*** Opening SOURCE DATA ***

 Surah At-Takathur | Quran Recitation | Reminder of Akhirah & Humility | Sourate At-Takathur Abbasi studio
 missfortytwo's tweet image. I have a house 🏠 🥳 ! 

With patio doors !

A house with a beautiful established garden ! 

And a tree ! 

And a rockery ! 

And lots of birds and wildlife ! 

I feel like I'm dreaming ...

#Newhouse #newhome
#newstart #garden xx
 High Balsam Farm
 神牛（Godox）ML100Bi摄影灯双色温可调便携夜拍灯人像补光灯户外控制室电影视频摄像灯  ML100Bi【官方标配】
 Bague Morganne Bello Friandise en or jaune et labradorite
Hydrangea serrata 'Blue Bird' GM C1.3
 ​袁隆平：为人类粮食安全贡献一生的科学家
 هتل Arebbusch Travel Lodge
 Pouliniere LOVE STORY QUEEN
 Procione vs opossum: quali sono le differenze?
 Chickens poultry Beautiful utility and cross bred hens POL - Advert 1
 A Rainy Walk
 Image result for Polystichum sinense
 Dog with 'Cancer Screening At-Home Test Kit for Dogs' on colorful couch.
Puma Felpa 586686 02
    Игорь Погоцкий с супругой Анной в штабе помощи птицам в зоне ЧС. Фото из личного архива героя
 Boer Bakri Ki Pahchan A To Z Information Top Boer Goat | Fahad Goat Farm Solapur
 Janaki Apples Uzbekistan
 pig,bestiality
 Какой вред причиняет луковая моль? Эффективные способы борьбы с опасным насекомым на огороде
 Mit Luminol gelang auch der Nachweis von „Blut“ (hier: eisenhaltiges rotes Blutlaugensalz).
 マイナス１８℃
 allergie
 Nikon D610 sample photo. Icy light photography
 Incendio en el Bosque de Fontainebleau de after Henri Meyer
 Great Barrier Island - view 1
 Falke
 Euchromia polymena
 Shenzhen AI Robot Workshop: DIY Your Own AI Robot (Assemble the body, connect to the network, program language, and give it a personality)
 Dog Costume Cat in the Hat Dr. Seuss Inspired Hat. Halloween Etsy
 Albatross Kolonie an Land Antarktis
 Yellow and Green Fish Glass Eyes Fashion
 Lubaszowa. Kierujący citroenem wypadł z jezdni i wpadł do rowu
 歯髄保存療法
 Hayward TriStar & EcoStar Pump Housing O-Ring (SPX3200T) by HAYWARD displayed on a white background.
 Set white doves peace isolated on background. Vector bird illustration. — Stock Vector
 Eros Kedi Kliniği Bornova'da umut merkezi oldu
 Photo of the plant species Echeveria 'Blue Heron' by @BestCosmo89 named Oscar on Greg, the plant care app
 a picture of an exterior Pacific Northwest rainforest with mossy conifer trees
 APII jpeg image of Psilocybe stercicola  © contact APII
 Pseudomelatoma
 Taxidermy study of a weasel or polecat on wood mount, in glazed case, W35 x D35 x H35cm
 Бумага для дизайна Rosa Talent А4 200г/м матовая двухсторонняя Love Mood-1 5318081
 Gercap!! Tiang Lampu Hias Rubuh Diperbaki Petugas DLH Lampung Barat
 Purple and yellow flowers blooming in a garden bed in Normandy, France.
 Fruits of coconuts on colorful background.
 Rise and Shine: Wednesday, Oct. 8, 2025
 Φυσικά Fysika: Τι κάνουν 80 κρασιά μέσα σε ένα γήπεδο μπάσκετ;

*** Closing SOURCE DATA ***

#### EXERCISE REQUIREMENTS:
Output exactly one stretch of the listing: from the line containing "Bague Morganne Bello" through the line containing "Image result for Polystichum sinense", both end lines included.

#### EXERCISE ANSWER:
 Bague Morganne Bello Friandise en or jaune et labradorite
Hydrangea serrata 'Blue Bird' GM C1.3
 ​袁隆平：为人类粮食安全贡献一生的科学家
 هتل Arebbusch Travel Lodge
 Pouliniere LOVE STORY QUEEN
 Procione vs opossum: quali sono le differenze?
 Chickens poultry Beautiful utility and cross bred hens POL - Advert 1
 A Rainy Walk
 Image result for Polystichum sinense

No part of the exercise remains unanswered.